The Bomb
- Author: Theodore Taylor
- Language: English
- Genre: Historical fiction
- Published: 1995
- Publisher: Harcourt Children's Books
- Publication place: United States
- Media type: Print
- Pages: 197 pgs
- ISBN: 9780152008673
- OCLC: 32310858

= The Bomb (Taylor novel) =

1995 novel by Theodore Taylor

The Bomb is a 1995 novel by Theodore Taylor written about the protest against nuclear testing on Bikini Atoll after the natives are forced to move. The story mainly follows the life of Sorry Rinamu and the effect of the Able bomb tests on the natives. The imagery and historical relevance truly contributes to the heartbreaking story of the islanders. The novel is divided into three books. It was first published by Harcourt Children's Books in October 1995. The book won the 1996 Scott O'Dell Award for Historical Fiction. According to Taylor, the novel is based on his own experience aboard the USS Sumner.

==Plot summary==

===Book I: Bikini===

Sorry Rinamu is a fourteen-old boy who lives on Bikini Atoll. He and the other natives live through World War II under constant threat by the Japanese soldiers occupying the island. However, American forces attack the island one day and defeat the Japanese soldiers, freeing the island. The American victors give some of the items from the Japanese base to the natives while keeping the military equipment such as weapons. Sorry receives a magazine and is amazed by the cities and things he sees inside. He later repairs the radio in the captured Japanese base and learns of the atomic bombings of Hiroshima and Nagasaki. World War II soon ends.

===Book II: Crossroads===

An American battleship, the USS Sumner, lands in the lagoon. A few days later, an American commander delivers the news to the natives that Bikini has been chosen as a site for Operation Crossroads, a series of nuclear tests, due to "ideal" conditions. He meets with the natives and asks them to relocate. Nine out of 11 alabs vote to move, with Sorry's uncle Abram and grandfather Jonjen casting dissenting votes. Despite their arguments that they should not submit to white men, the natives decide to relocate. The Americans tells the natives that the atoll will be returned in a few years, but Abram and Sorry believe that he is lying.

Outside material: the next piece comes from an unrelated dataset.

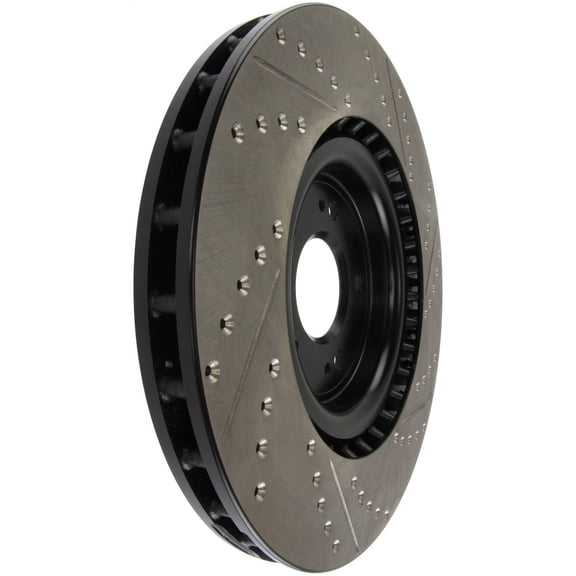 StopTech Slotted & Drilled Sport Brake Rotor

As scientists arrive on the atoll, it is being converted to a temporary military base. Abram comes up with a plan to stop the nuclear tests by sailing into the test area with a scarlet canoe, but he dies of a heart attack before he could carry out the plan. When Sorry decides that he should do it, the natives believe that he is insane. However, he is accompanied by Tara Malolo, a local teacher, and his maternal grandfather, Jonjen.

They paint a canoe bright red for visibility while the scientists prepare the aircraft Dave's Dream for the Able test.

===Book III: The Bomb===

Sorry, Tara and Jonjen carry out their plan, but the Dave's Dream crew fail to notice the canoe and drop the bomb. The three are killed in the blast.